* Exercise
Beginning with the line containing "Avery Zweckform Etykiety" and going on through the line containing "Z&Z Zimná prešívaná", the lines below are to be returned exactly, pictures excluded and nothing added.
[Records shown — start]
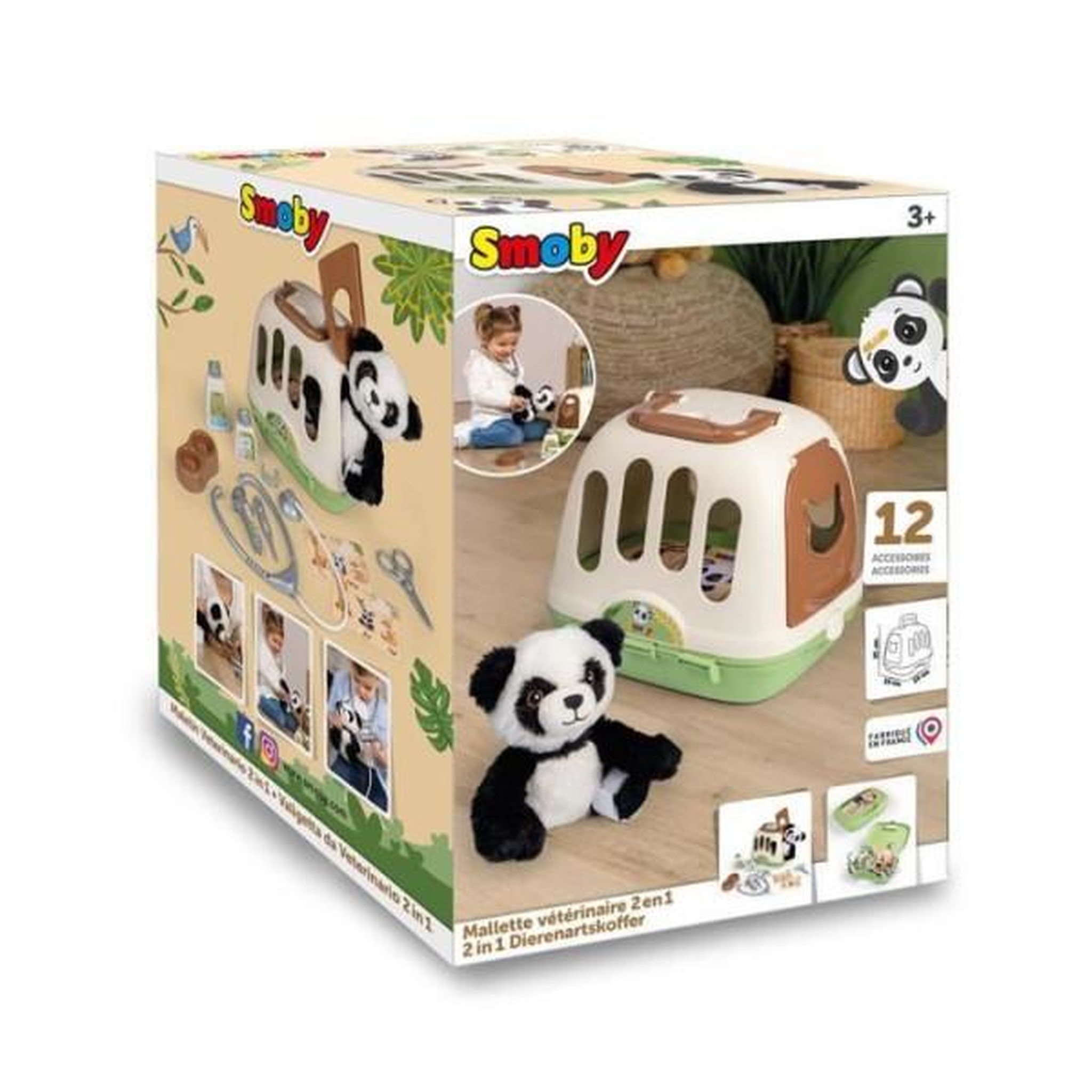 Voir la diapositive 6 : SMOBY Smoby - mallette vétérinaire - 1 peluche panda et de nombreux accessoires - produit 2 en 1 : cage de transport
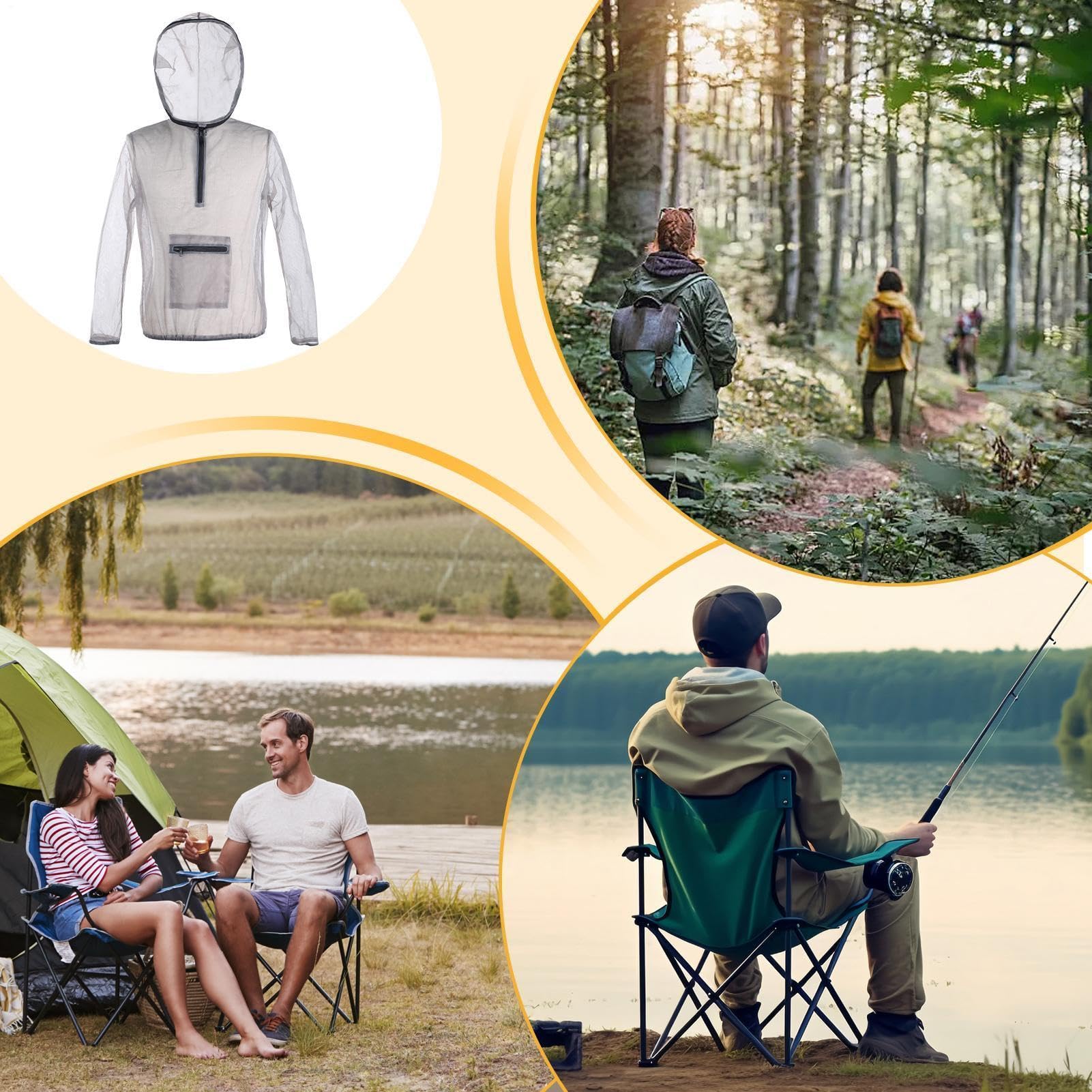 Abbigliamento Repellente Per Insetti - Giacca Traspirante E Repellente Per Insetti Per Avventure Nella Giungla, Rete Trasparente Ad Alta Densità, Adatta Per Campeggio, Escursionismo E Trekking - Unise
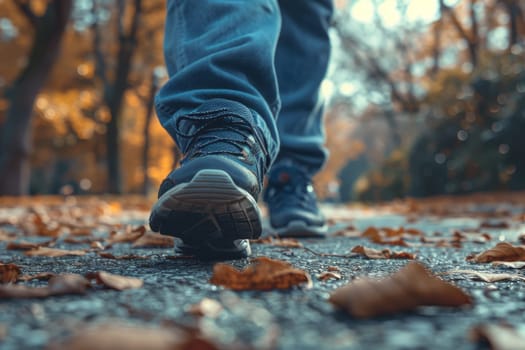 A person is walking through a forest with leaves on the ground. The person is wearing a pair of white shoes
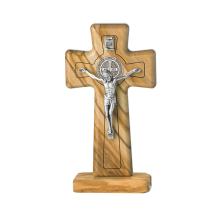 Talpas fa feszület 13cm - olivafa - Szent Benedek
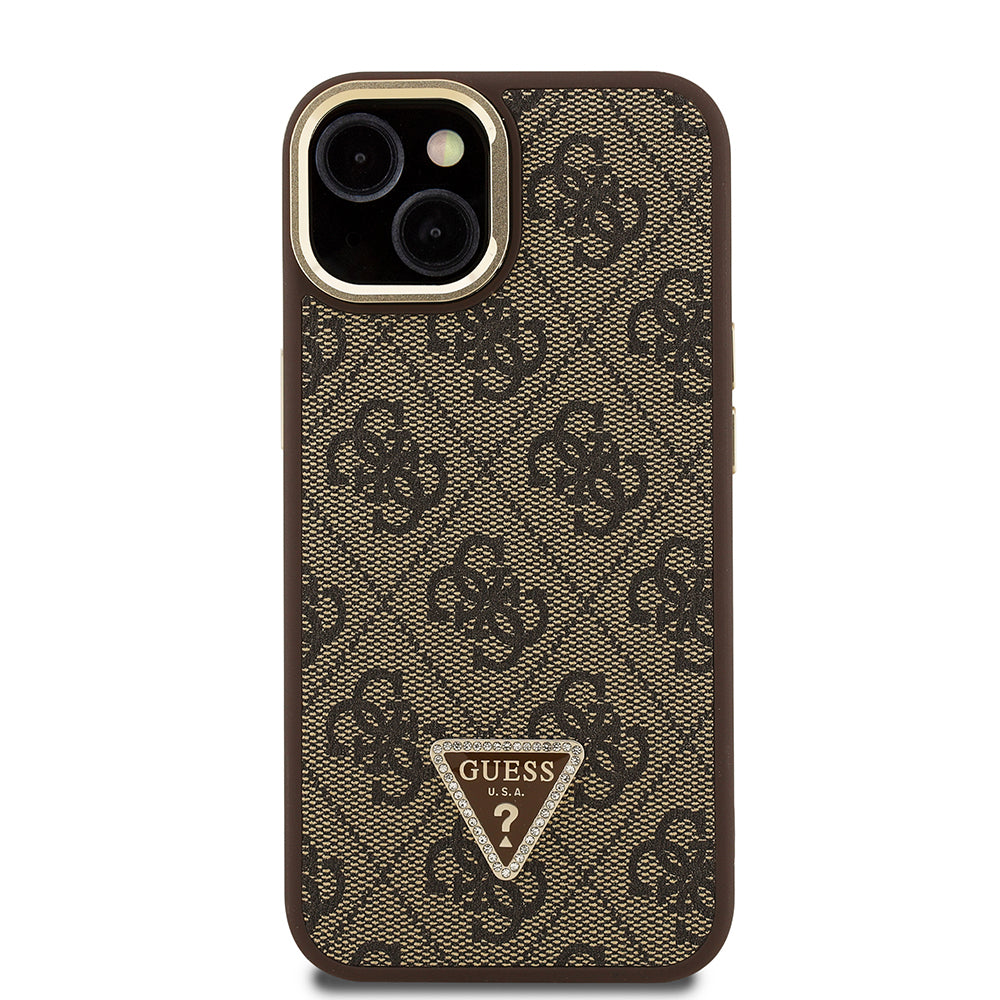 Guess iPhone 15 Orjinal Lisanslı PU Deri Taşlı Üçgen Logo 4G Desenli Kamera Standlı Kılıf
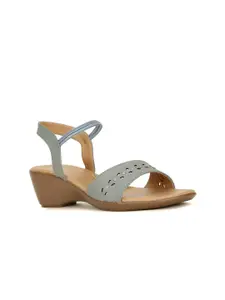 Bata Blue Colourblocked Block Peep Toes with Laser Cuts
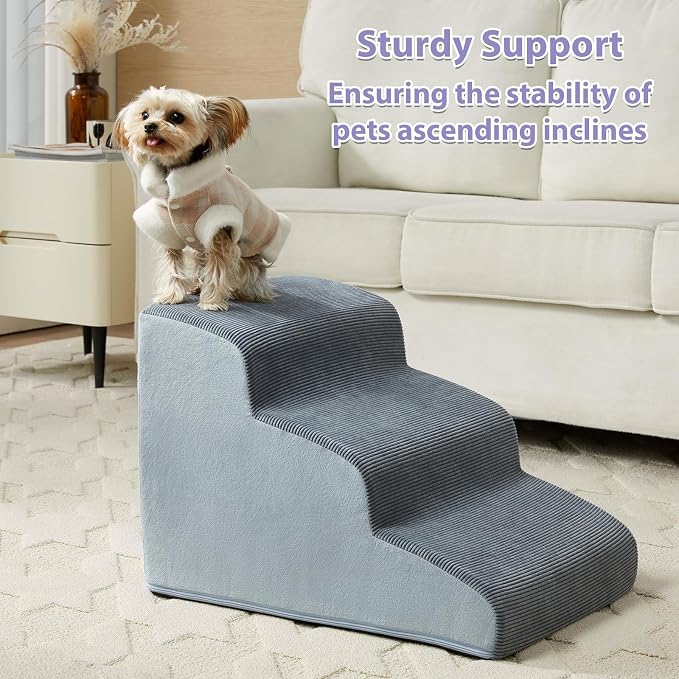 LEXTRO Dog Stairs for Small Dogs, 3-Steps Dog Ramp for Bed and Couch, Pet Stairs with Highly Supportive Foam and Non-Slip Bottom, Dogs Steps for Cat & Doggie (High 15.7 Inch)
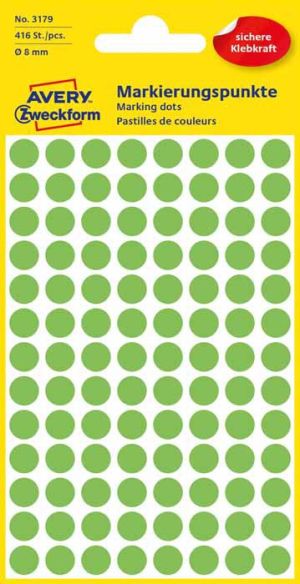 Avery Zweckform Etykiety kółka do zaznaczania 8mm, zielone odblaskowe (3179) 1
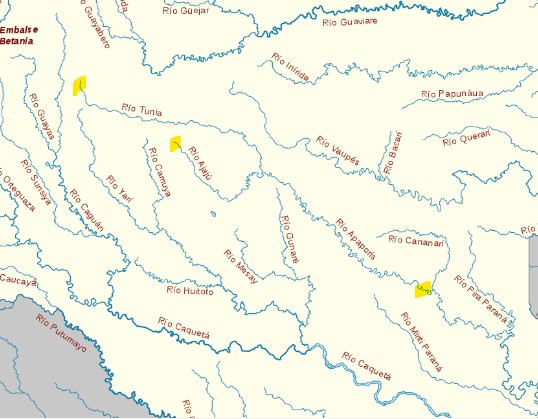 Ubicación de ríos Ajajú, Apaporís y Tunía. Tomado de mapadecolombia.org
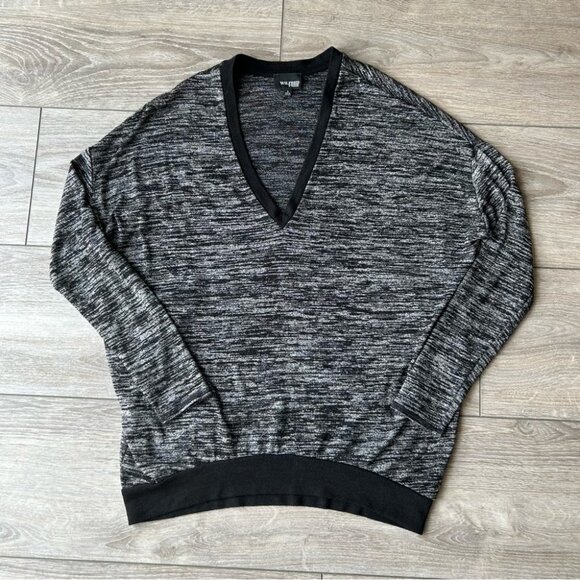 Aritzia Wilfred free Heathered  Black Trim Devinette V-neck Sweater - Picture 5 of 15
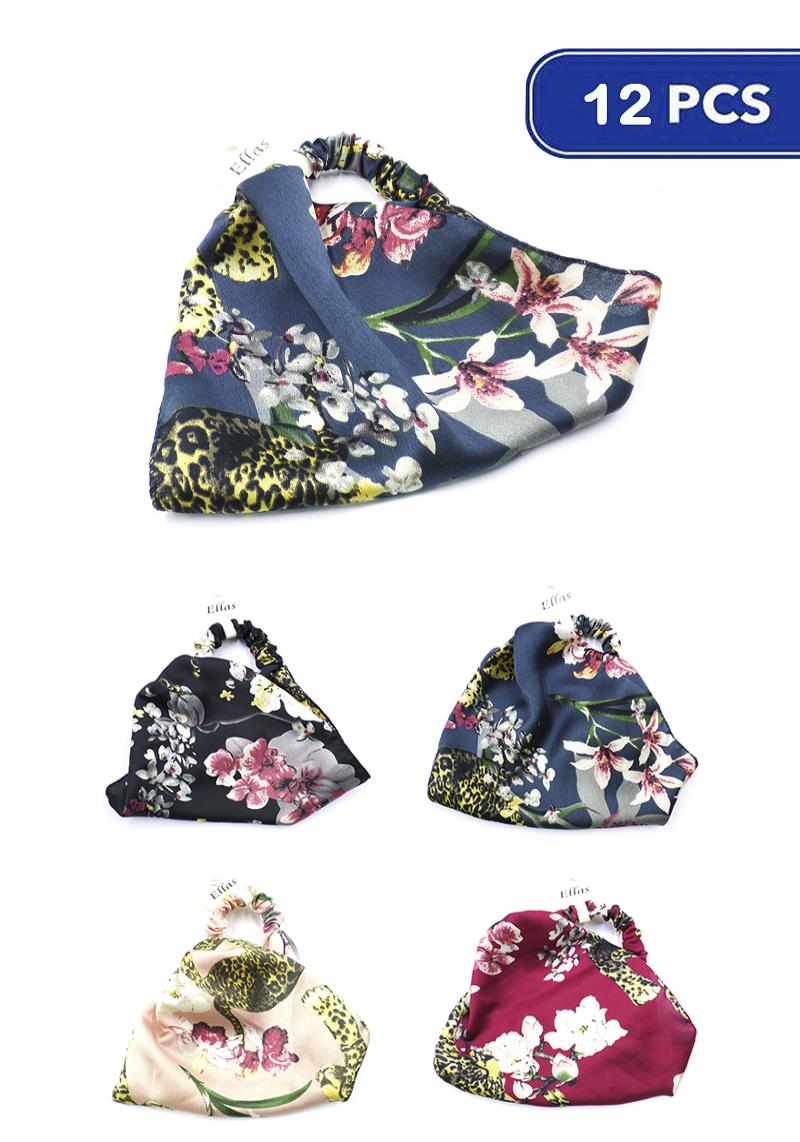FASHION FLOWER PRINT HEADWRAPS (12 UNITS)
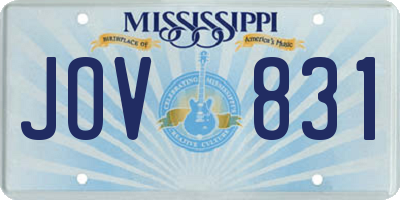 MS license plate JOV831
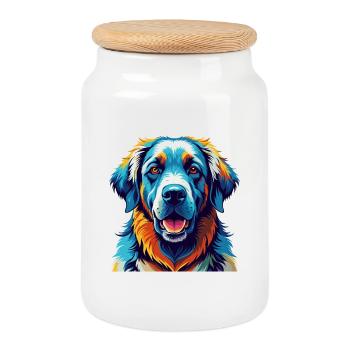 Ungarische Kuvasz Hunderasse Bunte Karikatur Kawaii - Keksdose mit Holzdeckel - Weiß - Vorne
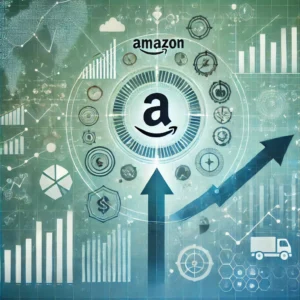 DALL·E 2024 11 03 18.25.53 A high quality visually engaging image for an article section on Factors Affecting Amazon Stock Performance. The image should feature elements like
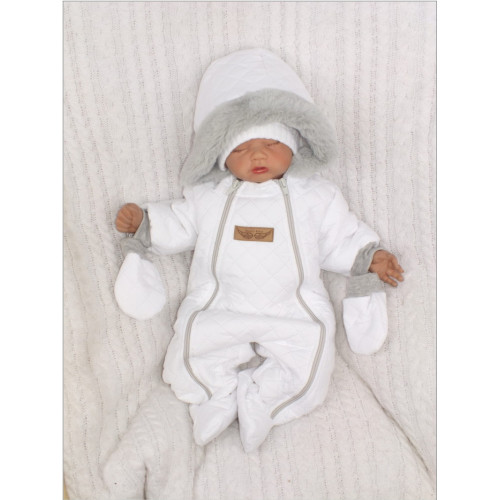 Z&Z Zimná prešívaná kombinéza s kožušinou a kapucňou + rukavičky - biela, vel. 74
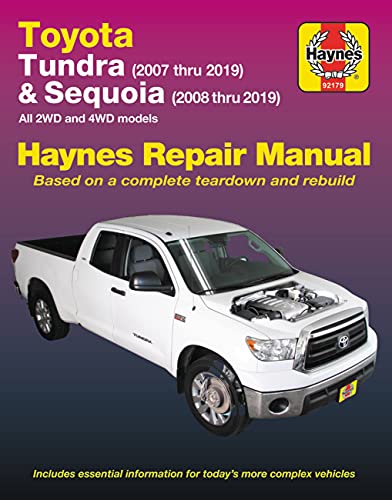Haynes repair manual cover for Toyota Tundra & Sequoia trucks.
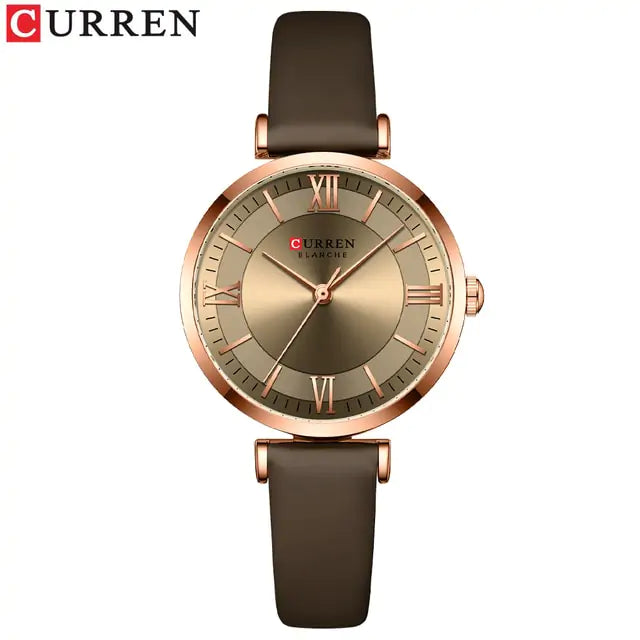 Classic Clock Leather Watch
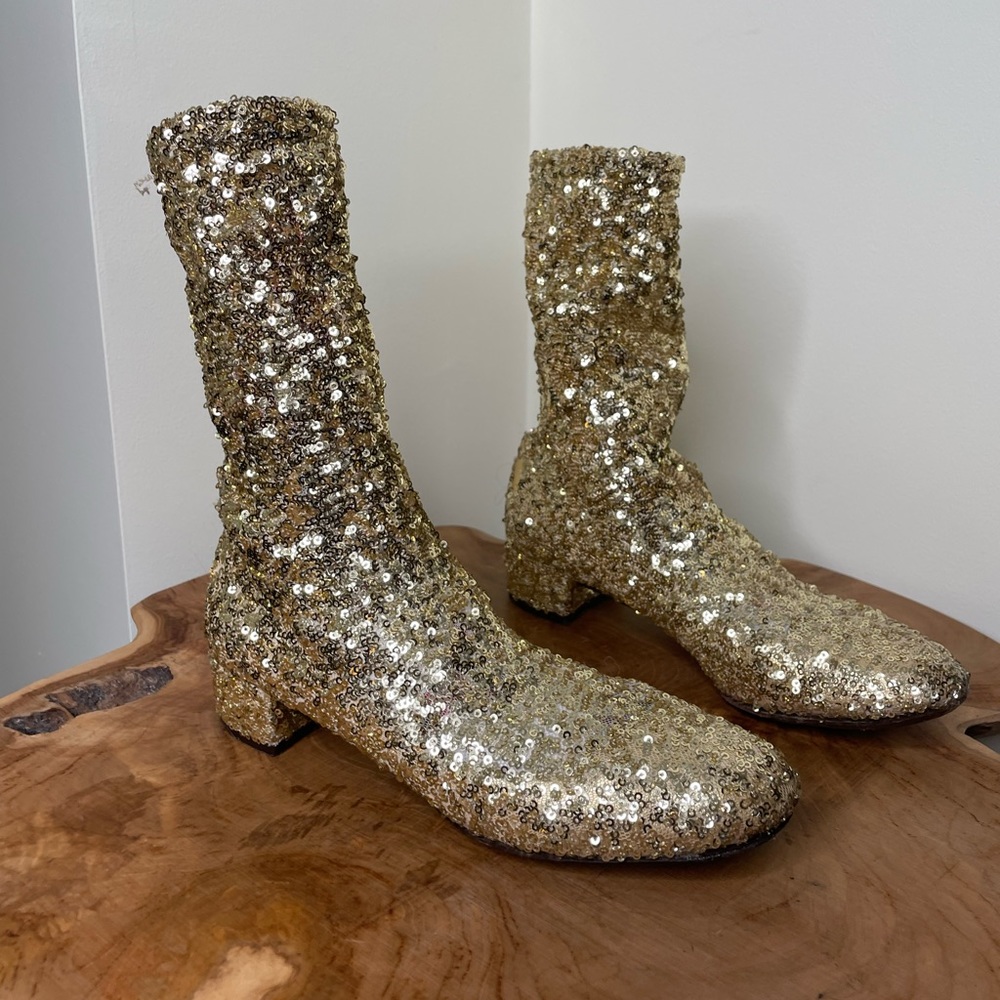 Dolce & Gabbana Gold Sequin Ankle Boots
[Records shown — finish]
* Answer for this exercise
 Avery Zweckform Etykiety kółka do zaznaczania 8mm, zielone odblaskowe (3179) 1
 Ubicación de ríos Ajajú, Apaporís y Tunía. Tomado de mapadecolombia.org
 Aritzia Wilfred free Heathered  Black Trim Devinette V-neck Sweater - Picture 5 of 15
FASHION FLOWER PRINT HEADWRAPS (12 UNITS)
 MS license plate JOV831
 Ungarische Kuvasz Hunderasse Bunte Karikatur Kawaii - Keksdose mit Holzdeckel - Weiß - Vorne
 DALL·E 2024 11 03 18.25.53 A high quality visually engaging image for an article section on Factors Affecting Amazon Stock Performance. The image should feature elements like
 Z&Z Zimná prešívaná kombinéza s kožušinou a kapucňou + rukavičky - biela, vel. 74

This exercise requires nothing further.